Activity: Starting at the line that contains "2016 Ford Tourneo", write out every line through the last one in the records below, word for word. Leave out any pictures.

Stored data Start Marker

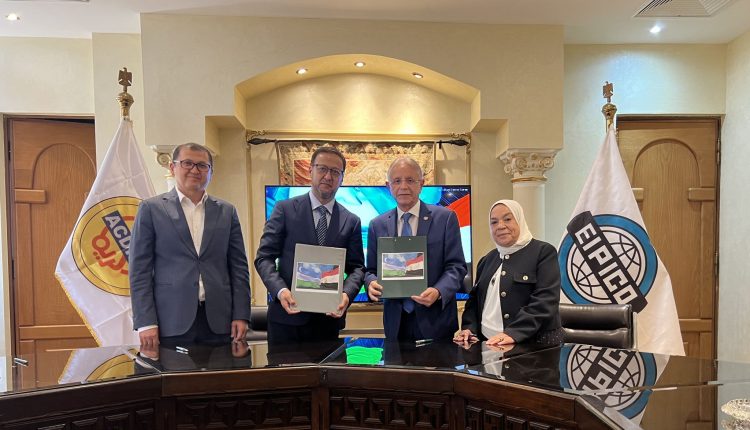«أكديما» و«إيبيكو» توقّعان اتفاقيات استراتيجية لتعزيز تواجد الدواء المصري في أوزبكستان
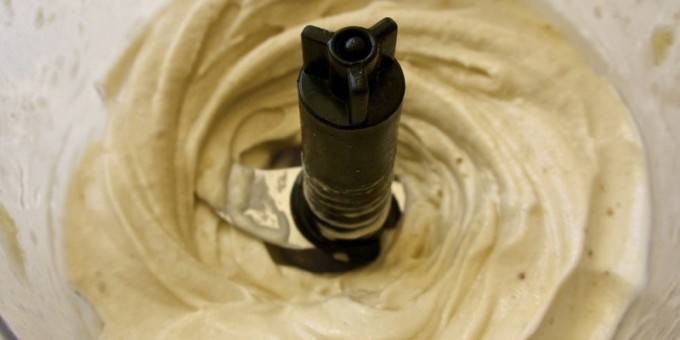 Веганское банановое мороженое из апельсинового сока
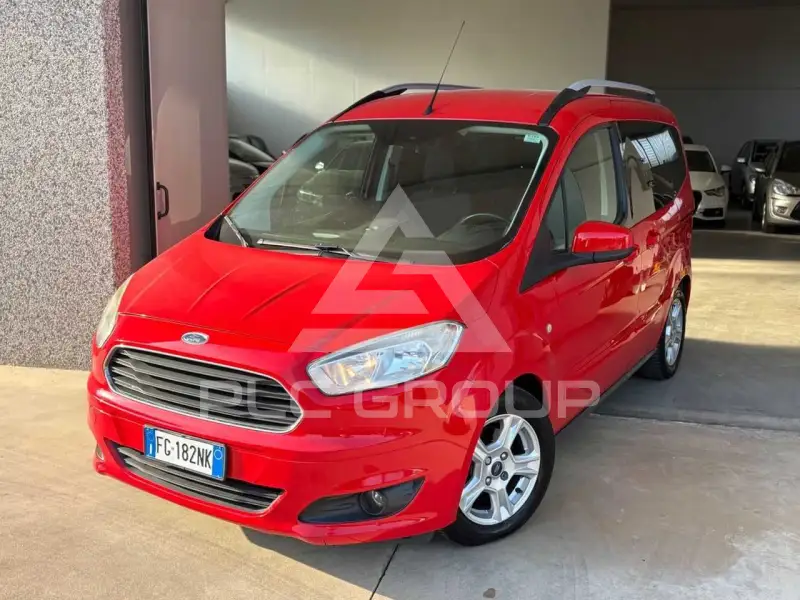 2016 Ford Tourneo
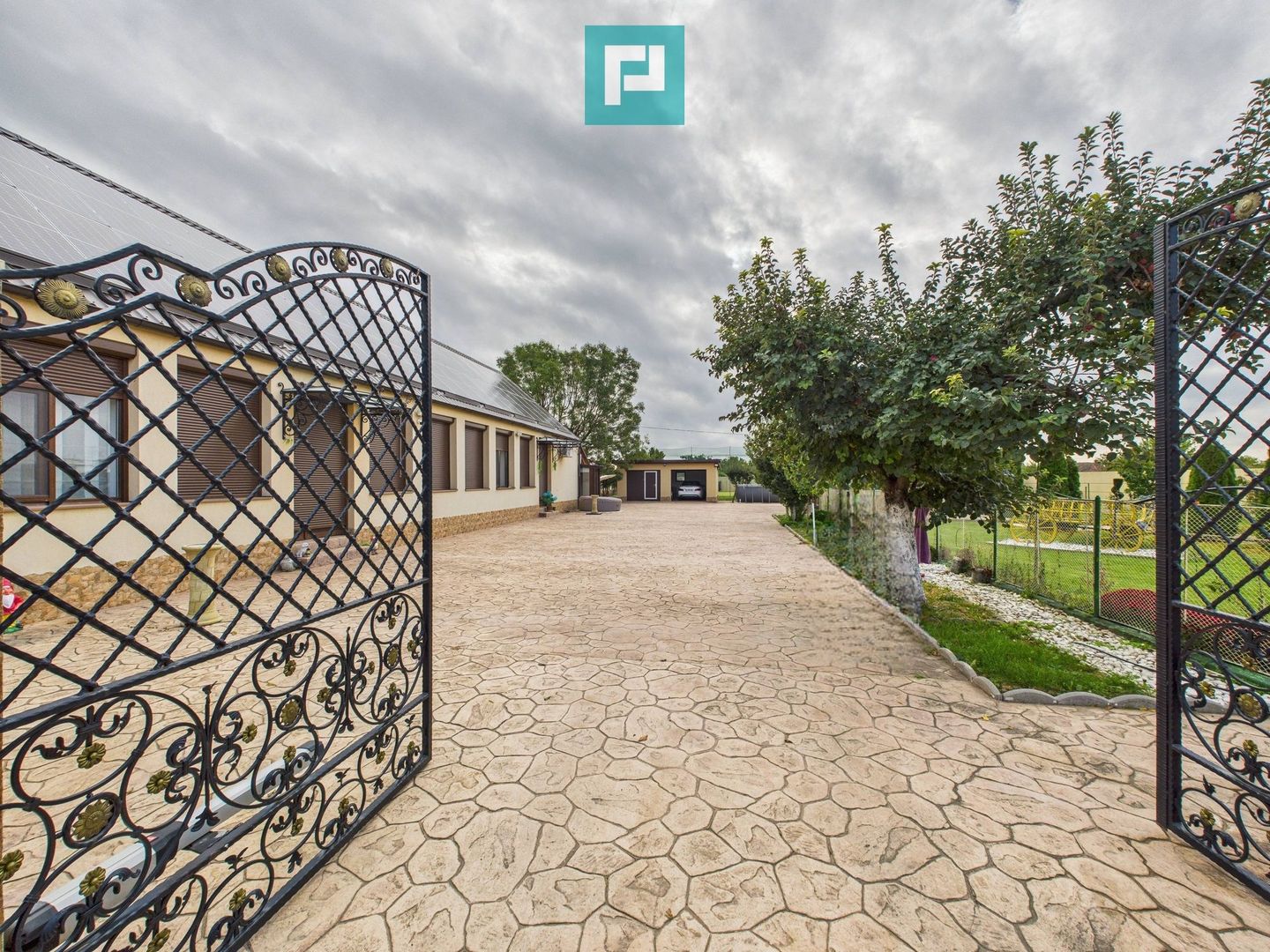 Casă exclusivistă cu 4 camere, în Secusigiu, Arad - Poză 2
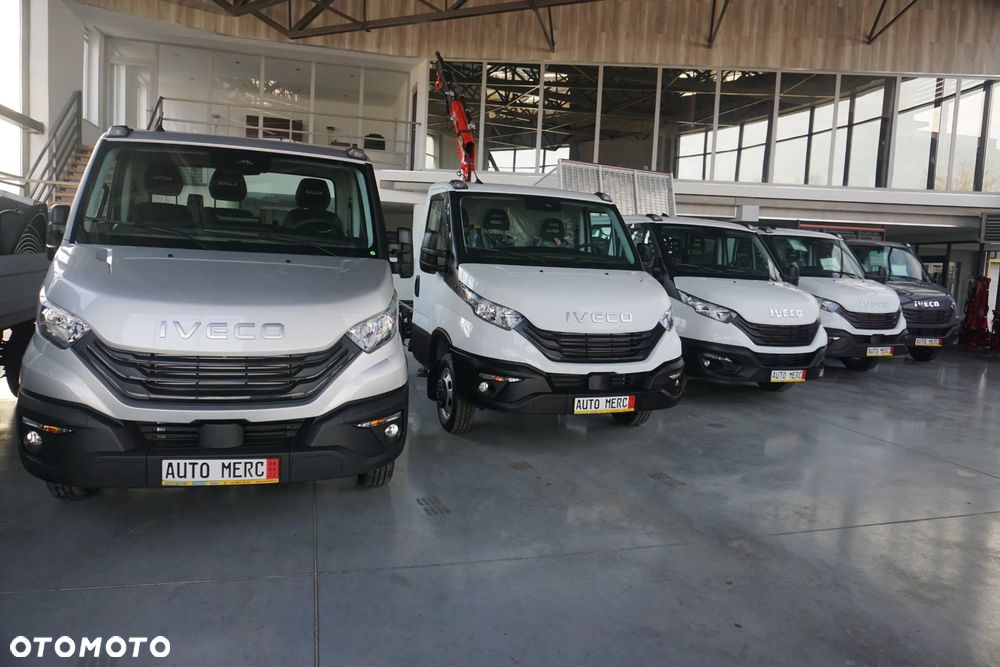 Iveco 35C16 HDS żuraw podwozie skrzynia wywrotka - 9
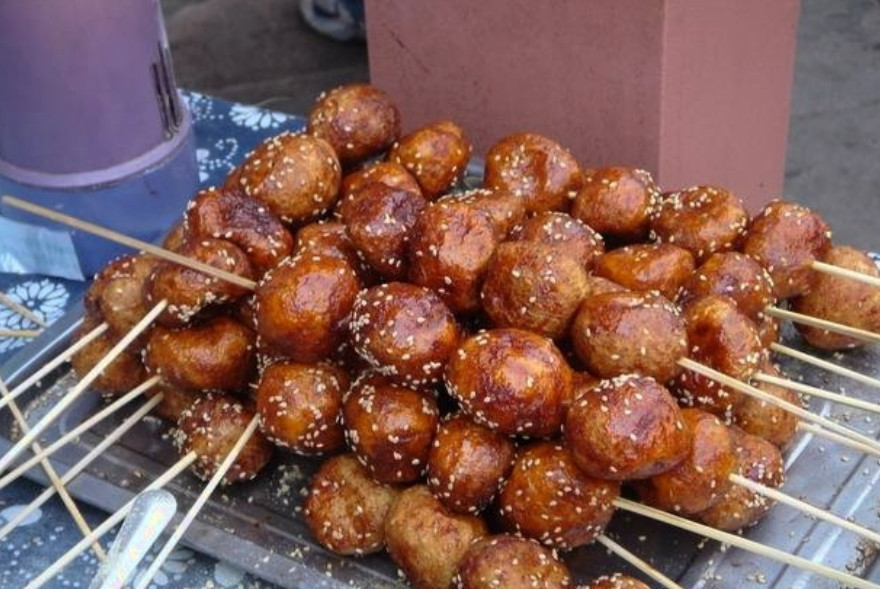 大叔三十年卖“油炸果”，赚的比白领工资还高，每晚八点准时收摊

Stored data End Marker

Your response:
 2016 Ford Tourneo
 Casă exclusivistă cu 4 camere, în Secusigiu, Arad - Poză 2
 Iveco 35C16 HDS żuraw podwozie skrzynia wywrotka - 9
 大叔三十年卖“油炸果”，赚的比白领工资还高，每晚八点准时收摊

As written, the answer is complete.